New Jersey, Geelong, Melbourne, 1978-1985
It’s grainy.
It’s black and white.
It’s incomplete.
It’s just what the doctor ordered as Stage 4 hits you in the solar plexus.
It’s 1978.
You’re 15. You live in a second rate city, not quite on the edge of town but definitely on the edge of darkness.
Bruce is about to turn 29.
The sweaty band tear up the New Jersey night, Clarence in all white and a sleeveless vest. Bruce in a singlet, lean and muscled, and alive. He leaps from speaker stacks back on to the stage. Stevie, beret in place, has hair.
The piano tinkles in the quiet spaces between the saxophone.
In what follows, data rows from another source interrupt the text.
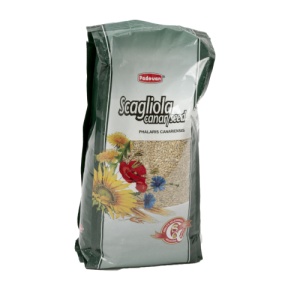 Padovan Scagliola-Glant, hrana pentru Pasari, 1KG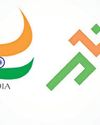 Khelo India to get bigger Khelo India to get bigger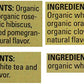 Davidson'S Tea Assorted White, 8-Count Tea Bags (Pack Of 12)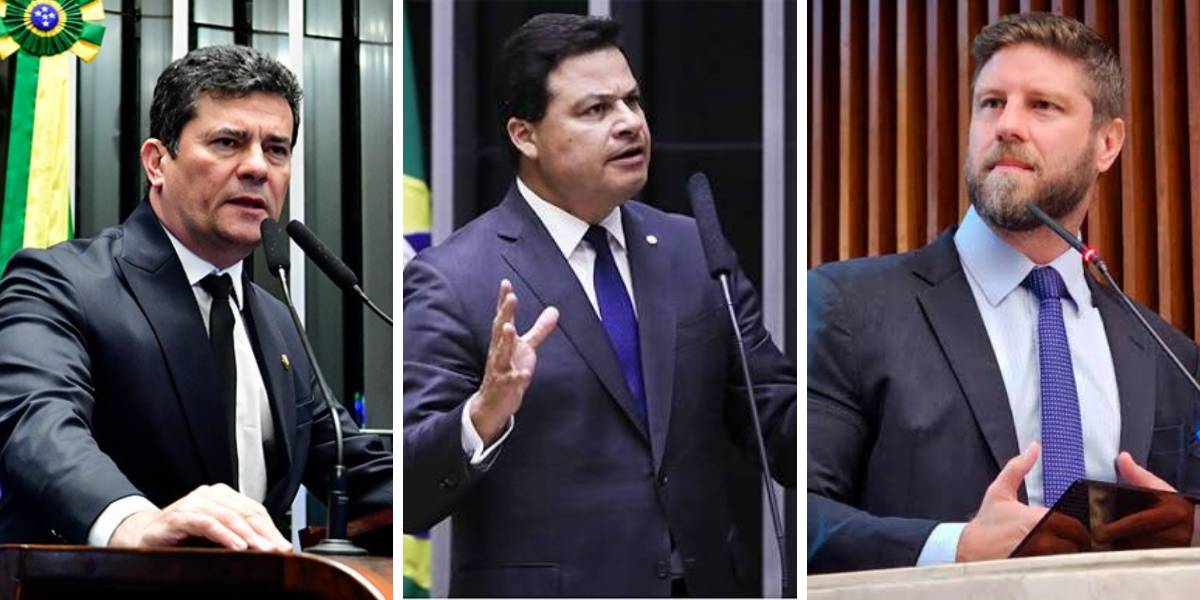 Imagem da matéria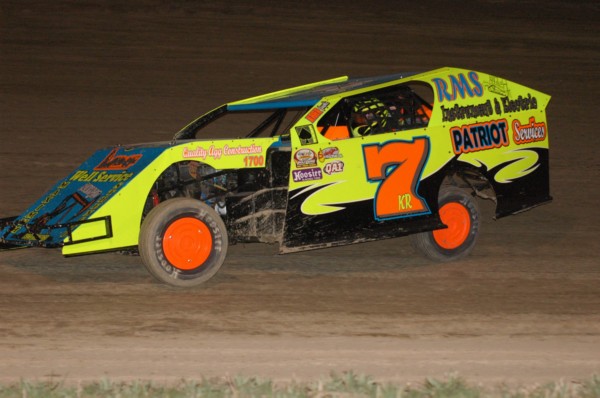 2017 M4 7 BRIAN ALLEN 56.jpg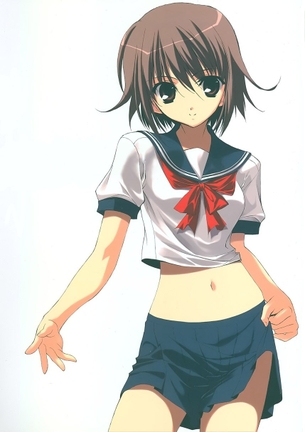 おへそのエッチな魅力が分かるエロ画像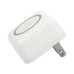 6 Pack Pestchaser Victor Rodent Repeller with Nightlight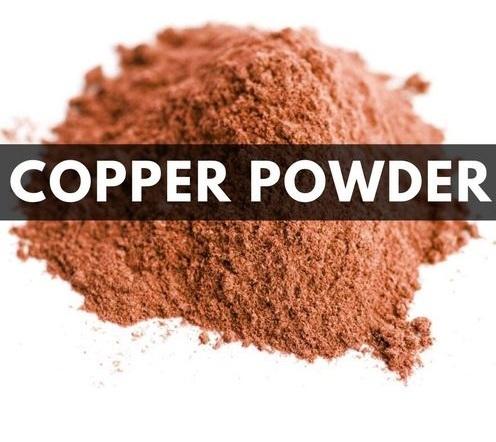Copper Powder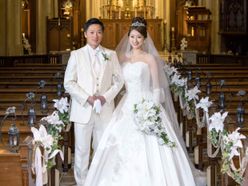 uki.wedding0504さんの画像1枚目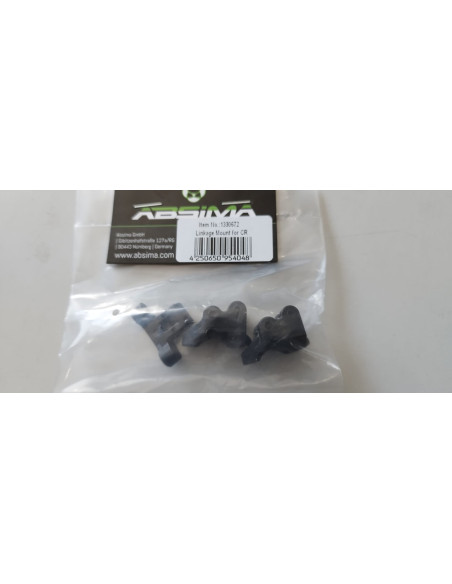 Linkage Mount for CR1.8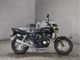 Фото Yamaha XJR400 S 1994 с японского аукциона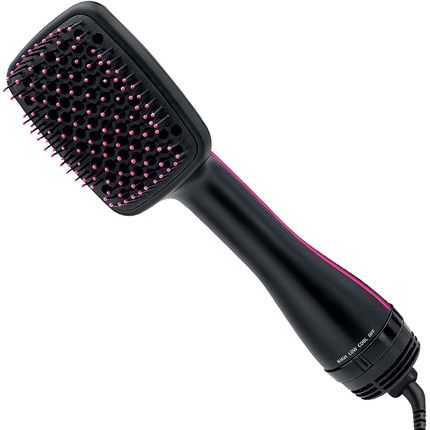 Revlon Salon One-Step Hair Dryer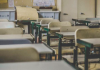 Saiba datas de matrícula e sorteio de vagas na rede estadual de ensino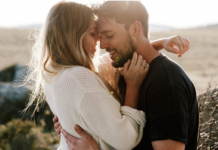 Dy shenjat më me fat në dashuri për këtë fundjavë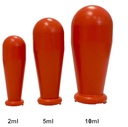 D & N pipettebold.jpg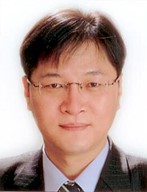 Prof. Honglae Sohn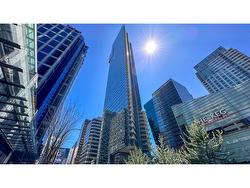 5004-1128 Georgia Street W Vancouver, BC V6E 0A8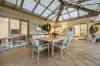 15 Deverall Square, Hillarys, WA 6025-Image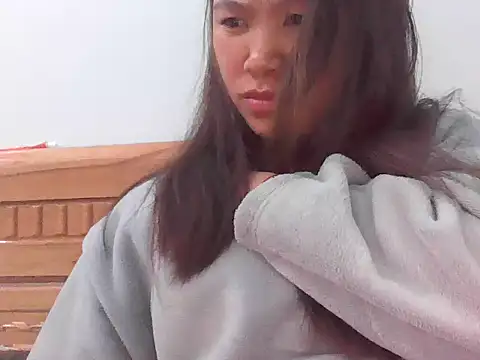 fanchunn - Fanchunn's free webcam - UK Sex Cams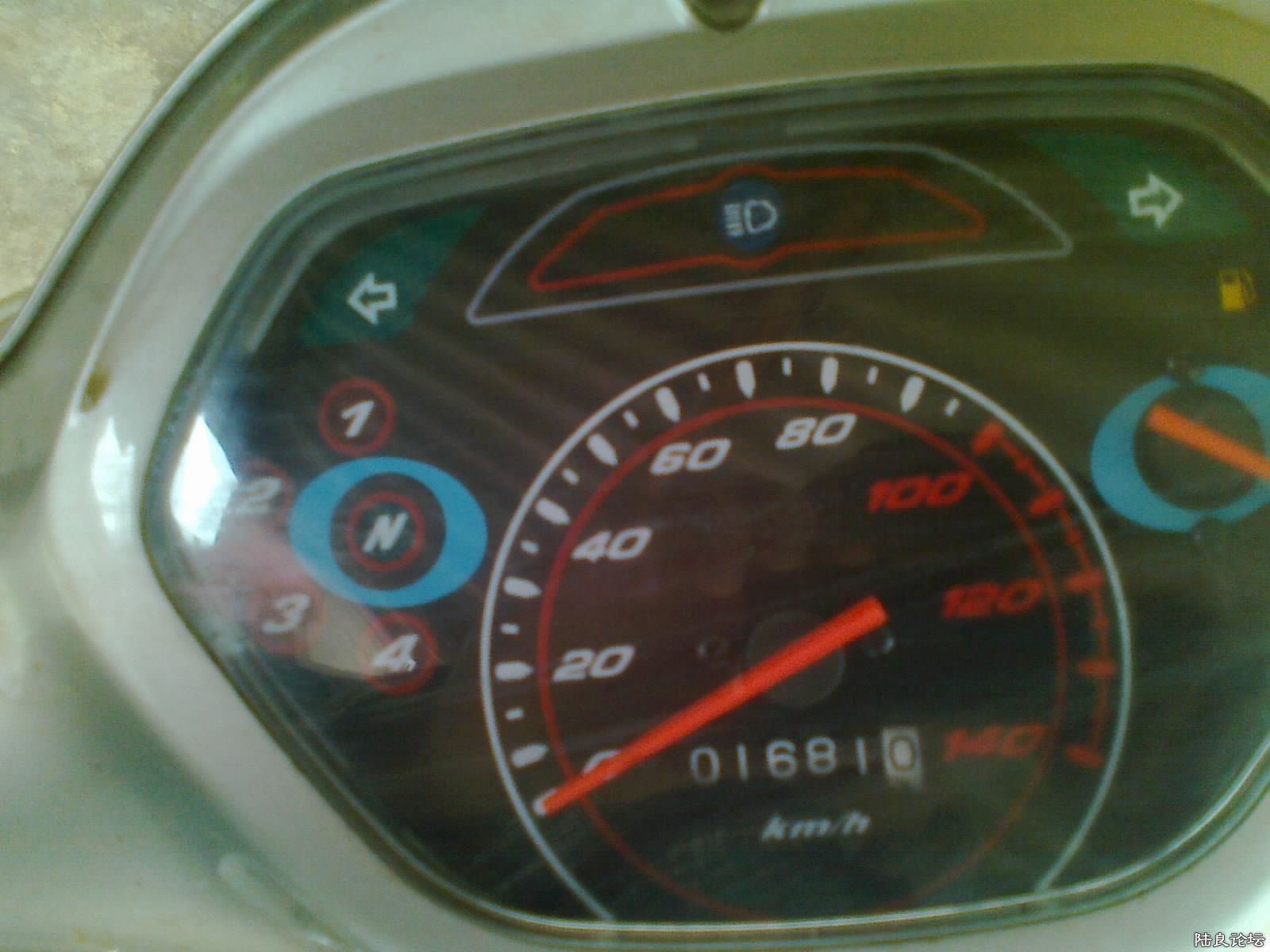 20130406235.jpg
Beneath the city two hearts beat
Soul engines running through a night so tender
In a bedroom locked in whispers
Of soft refusal and then surrender
Outside the street’s on fire in a real death waltz
Between what’s flesh and what’s fantasy
And the poets down here
Don’t write nothing at all
They just stand back and let it all be
You sneak into a pub to see a band. (Your straitlaced older brother unwilling to be a co-conspirator.)
It’s not Bruce in New Jersey, but you’ll make do with Jo Jo Zep and the Falcons in Geelong, as good a band going around then. And since.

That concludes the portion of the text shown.